Core Concepts
OpenStreetView-5M is a large-scale, open-access dataset of over 5.1 million geotagged street view images covering 225 countries and territories, designed to serve as a robust benchmark for evaluating computer vision models on the task of global visual geolocation.
Abstract
The authors introduce OpenStreetView-5M, a new large-scale, open-access dataset for the task of global visual geolocation. The dataset contains over 5.1 million geotagged street view images covering 225 countries and territories, making it the largest open-access dataset for this task.
Key highlights:
The dataset is designed to address limitations of existing geolocation datasets, which often contain a significant portion of noisy and non-localizable images or are proprietary and expensive to access.
OpenStreetView-5M enforces a strict train/test separation, ensuring that no image in the test set is within a 1km radius of any image in the training set.

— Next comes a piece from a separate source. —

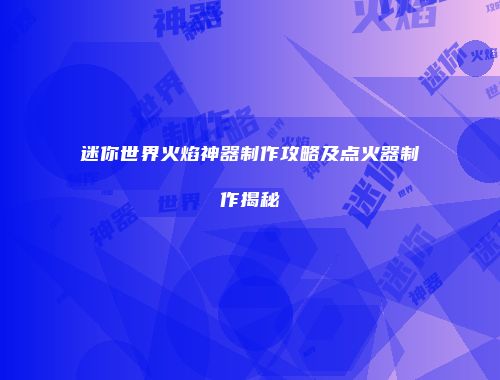 迷你世界火焰神器制作攻略及点火器制作揭秘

This allows for evaluating the relevance of learned geographical features beyond mere memorization.
The dataset is associated with rich metadata, including administrative divisions (country, region, area, city), as well as land cover, climate, soil type, driving side, and distance to the sea.
The authors conduct an extensive benchmark of various state-of-the-art image encoders, spatial representations, and training strategies on the dataset, demonstrating its utility as a robust and reliable benchmark for computer vision models.
Stats
OpenStreetView-5M contains over 5.1 million high-quality, geotagged street view images.

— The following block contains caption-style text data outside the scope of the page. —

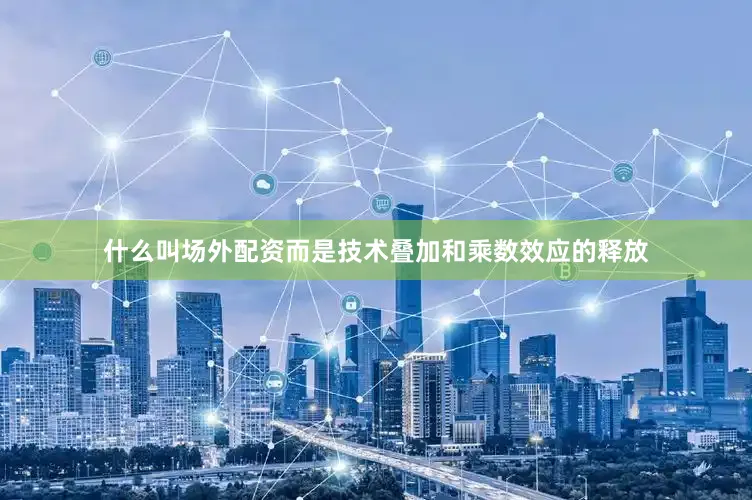 什么叫场外配资而是技术叠加和乘数效应的释放
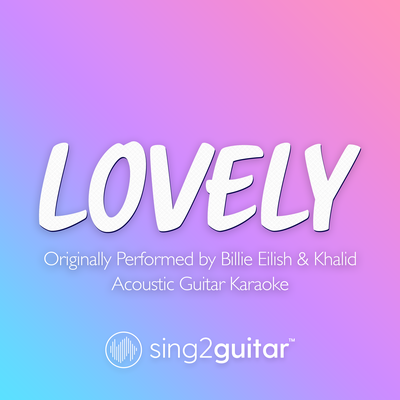 lovely (Originally Performed by Billie Eilish & Khalid) (Acoustic Guitar Karaoke) By Sing2Guitar's cover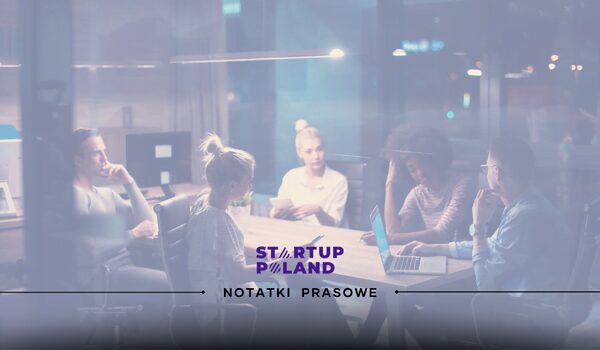 Polskie startupy dają radę. Raport Startup Poland 2022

The dataset covers 225 countries and territories, with a normalized entropy of 0.78 in the test set distribution across countries.
Manual inspection shows that 96.1% of the images in the dataset are localizable.
Quotes
"Determining the location of an image anywhere on Earth is a complex visual task, which makes it particularly relevant for evaluating computer vision algorithms."
"Despite this potential, few supervised approaches are trained and evaluated for the task of geolocation."